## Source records
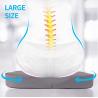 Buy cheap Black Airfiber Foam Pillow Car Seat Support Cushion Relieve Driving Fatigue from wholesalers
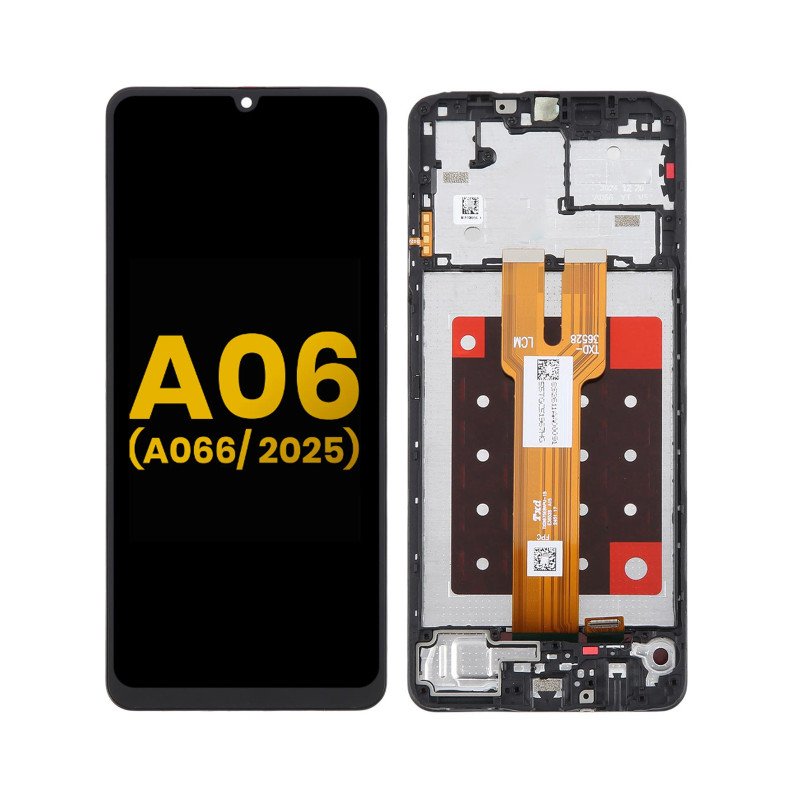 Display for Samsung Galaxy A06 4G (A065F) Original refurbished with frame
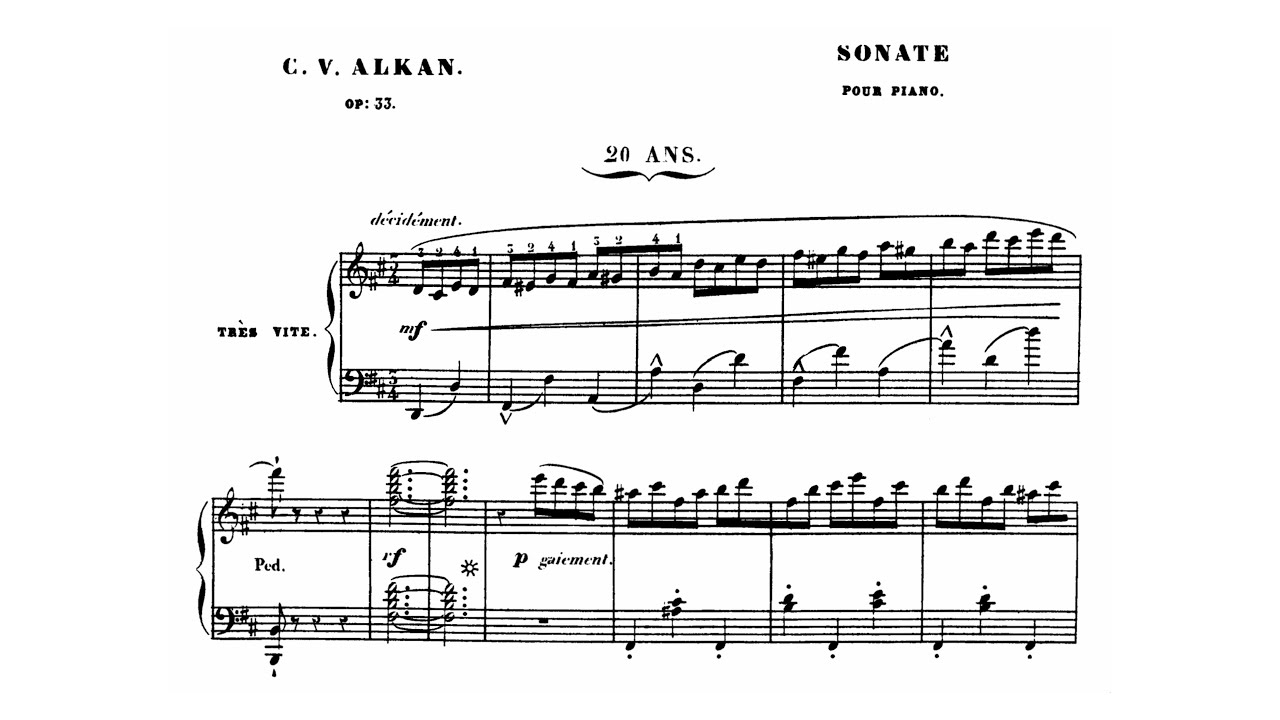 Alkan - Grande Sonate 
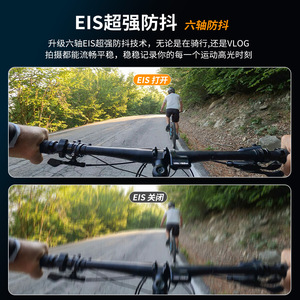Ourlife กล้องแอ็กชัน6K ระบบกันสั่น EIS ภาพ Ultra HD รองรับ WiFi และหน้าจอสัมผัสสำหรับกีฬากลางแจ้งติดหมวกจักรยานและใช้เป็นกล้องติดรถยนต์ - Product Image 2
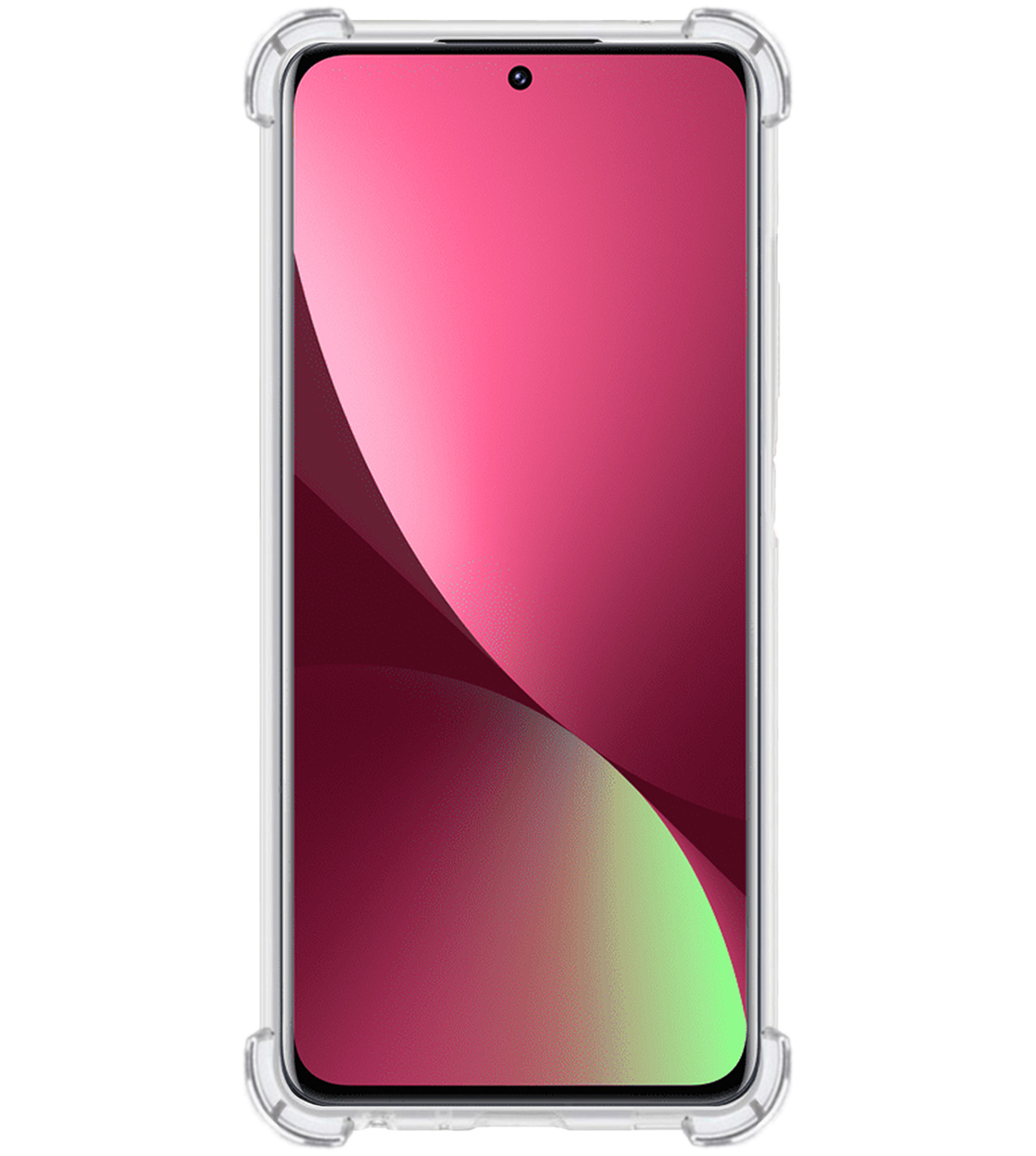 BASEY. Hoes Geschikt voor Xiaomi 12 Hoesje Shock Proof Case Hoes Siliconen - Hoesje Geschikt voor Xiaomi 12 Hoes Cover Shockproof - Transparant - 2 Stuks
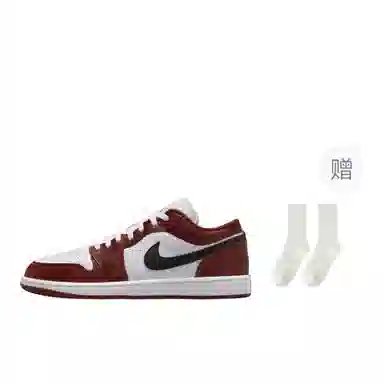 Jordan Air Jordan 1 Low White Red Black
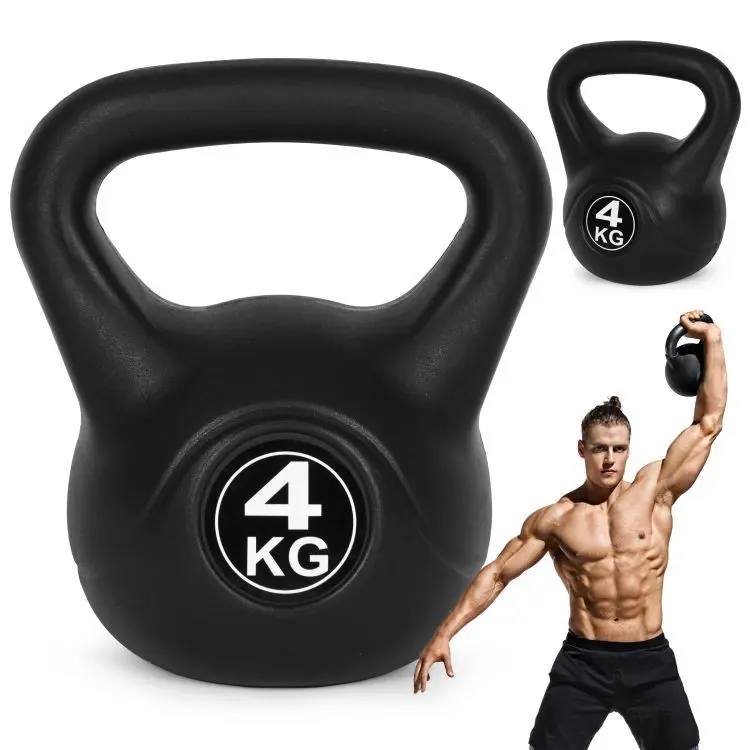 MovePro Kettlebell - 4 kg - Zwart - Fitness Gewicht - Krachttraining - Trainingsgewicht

## Directions
Please set down only the lines from the first line of the records above through the line that has "Ourlife กล้องแอ็กชัน6K ระบบกันสั่น", exactly, and not the pictures.

## Answer to the exercise
 Buy cheap Black Airfiber Foam Pillow Car Seat Support Cushion Relieve Driving Fatigue from wholesalers
 Display for Samsung Galaxy A06 4G (A065F) Original refurbished with frame
 Alkan - Grande Sonate 
Ourlife กล้องแอ็กชัน6K ระบบกันสั่น EIS ภาพ Ultra HD รองรับ WiFi และหน้าจอสัมผัสสำหรับกีฬากลางแจ้งติดหมวกจักรยานและใช้เป็นกล้องติดรถยนต์ - Product Image 2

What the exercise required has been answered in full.